Such sentiment is hardly new among Israeli extremists, and it has long been advocated by racist Jewish organizations like Kach, the party of the late Rabbi Meir Kahane, as well as groups like the National Union, which doubled its Knesset representation in the last election.
But “transfer” is no longer the exclusive policy of extremists, as it has increasingly become a part of mainstream political dialogue. “My solution for maintaining a Jewish and democratic state of Israel is to have two nation-states with certain concessions and with clear red lines,” Kadima leader and Israeli Foreign Minister Tzipi Livni told a group of Tel Aviv high school students last December, “and among other things, I will be able to approach the Palestinian residents of Israel, those whom we call Israeli Arabs, and tell them, ‘ your national solution lies elsewhere.’”
Such talk has consequences.
According to the Israeli Association for Civil Rights, anti-Arab incidents have risen sharply. “Israeli society is reaching new heights of racism that damages freedom of expression and privacy,” says Sami Michael, the organization’s president. Among the Association’s findings:
* Some 55 percent of Jewish Israelis say that the state should encourage Arab emigration;
* 78 percent of Jewish Israelis oppose including Arab parties in the government;
* 56 percent agree with the statement that “Arabs cannot attain the Jewish level of cultural development”;
* 75 percent agree that Arabs are inclined to be violent. Among Arab-Israelis, 54 percent feel the same way about Jews.
* 75 percent of Israeli Jews say they would not live in the same building as Arabs.
The tension between Israeli democracy and the country’s Jewish character was the centerpiece of Avigdor Lieberman’s Yisrael Beiteinu Party’s campaign in the recent election. His party increased its Knesset membership from 11 to 15, and is now the third largest party in the parliament.
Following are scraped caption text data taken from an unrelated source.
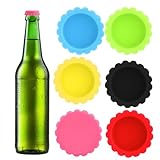 6 Stück Silikon Kronkorken, Flaschenverschluss Bunt, Wiederverwendbare...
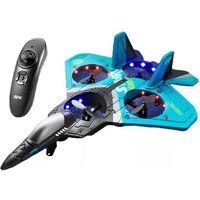 Afstandsbediening vliegtuig V17 Foam Drone Epp Batterijduur: 15 Min Blauw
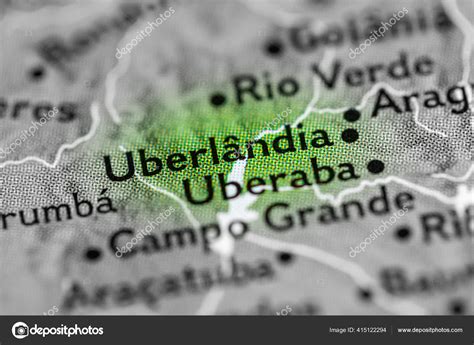 Uberlandia Brazil Map Stock Photo by ©aliceinwonderland2020 415122294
Lieberman, who lives in a West Bank settlement near Bethlehem, calls for a “loyalty oath” from Arab-Israelis, and for either expelling those who refuse or denying them citizenship rights. During a Knesset debate last March, Lieberman told Arab deputies, “You are only temporarily here. One day we will take care of you.”
Such views are increasing, particularly among young Jewish Israelis, among whom a politicized historical education and growing hopelessness about the future has fueled a strong rightward shift.
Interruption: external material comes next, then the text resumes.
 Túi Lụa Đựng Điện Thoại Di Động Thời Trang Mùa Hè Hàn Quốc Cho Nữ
In a recent article in Haaretz, Yotam Feldman writes about a journey through Israel’s high schools, where students freely admit to their hatred of Arabs and lack of concern about the erosion of democracy.
“Sergei Liebliyanich, a senior, draws a connection between the preparation for military service in school and student support for the Right” Feldman writes, “‘ It gives us motivation against the Arabs. You want to enlist in the army so you can stick it to them…I like Lieberman’s thinking about the Arabs. Bibi [Benjamin Netanyahu, leader of the rightwing Likud Party] doesn’t want to go as far.”
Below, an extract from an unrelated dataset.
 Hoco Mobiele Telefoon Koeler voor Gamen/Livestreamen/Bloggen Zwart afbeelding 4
Feldman polled 10 high schools and found that Yisrael Beiteinu was the most popular party, followed by Likud. The left-wing Meretz Party came in dead last.
In part, the politicalization of the education system is to blame.
Mariam Darmoni-Sharviot, a former civics teacher who is helping implement the 1995 Kremnitzar Commission’s recommendations on education and democracy, told Feldman, “When I talk to a civics class about the Arab minority, and about its uniqueness in being a majority that became a minority, my students argue and say it’s not true that they [Arabs] were a majority.” She said when she confronted teachers and asked why students didn’t know that Arabs were a majority in 1947, the teachers become “evasive and say it’s not part of the material.”
In part, students reflect the culture that surrounds them.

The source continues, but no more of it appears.